Walking the streets of Greenwich Village one fall afternoon, most likely trying to drown out the sound of the internal voices squawking in my ear, I wandered into Three Lives bookshop on the corner of Waverly and West 10th Street. At the display shelf to the left of the register, a slim grey volume caught my eye. Writing Past Dark, the bold black title letters announced. Then the subtitle in a disarming, intimate cursive, set off in a yellow box like a beacon from a lighthouse cutting through the fog: Envy, Fear, Distractions, and Other Dilemmas in the Writer’s Life.
How did it know? How did this little book see right inside my head and know?
I bought it immediately and that night read it cover to cover. Bonnie Friedman’s disarming, revealing, whip-smart essays were indeed a beacon from a lighthouse. Friedman had felt all the terrible, secret feelings I was feeling when she started on her path as a writer too.

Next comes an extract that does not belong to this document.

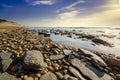 Beach scene showing water and sky and the sun shining Royalty Free Stock Photo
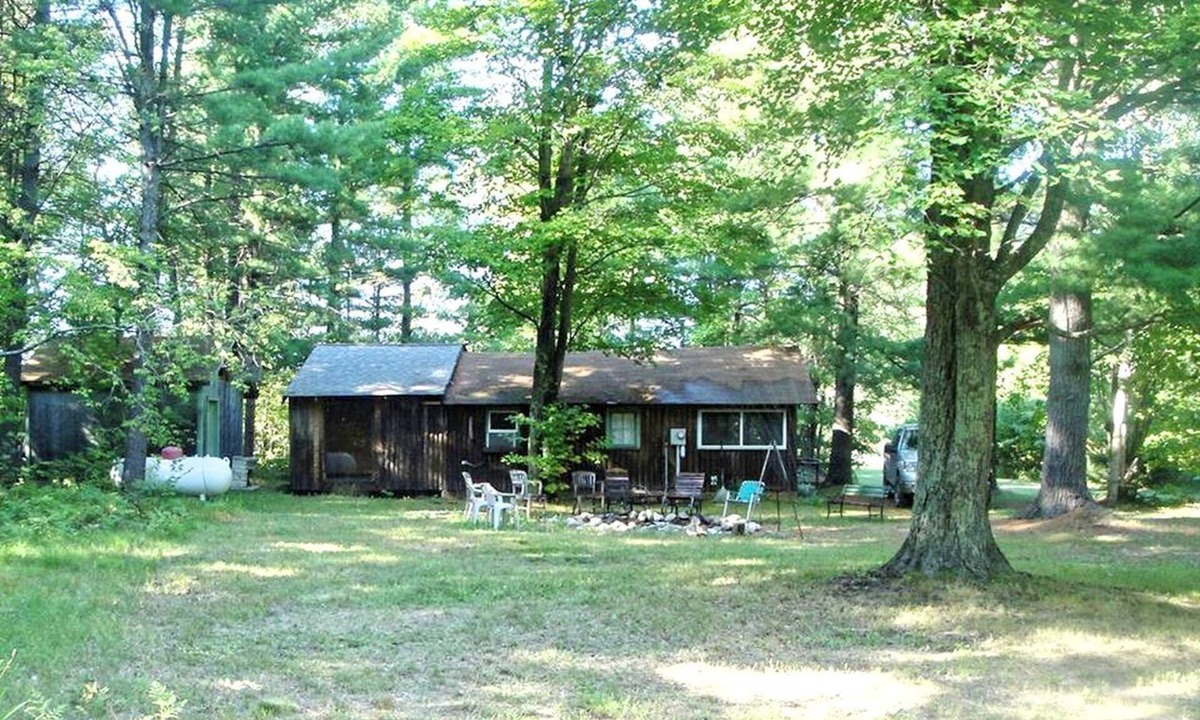 Dickson Township House | Secluded Rustic Cabin Rental Inside Manistee National Forest in Brethren, Michigan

And even more exciting to a new writer: She corralled those feelings into this book—this book I turned back to again and again in my graduate school years to remind me that envy and fear and distractions were part of the deal, not proof that the deal was off. This book became my dog-eared friend, my confidante through margin scribbles, and a sign of hope I needed to help me write past—and despite—my own darkness.
Now Harper Perennial has reissued Writing Past Dark, with a new preface by the author, for a new generation of writers, so they might find in it the friend they need, just when they need it. The following interview is culled from a series of conversations Friedman and I had as she reflects back on Writing Past Dark, and her thoughts now about the dilemmas—and joys—of the writer’s life that she’s learned since the book first dropped.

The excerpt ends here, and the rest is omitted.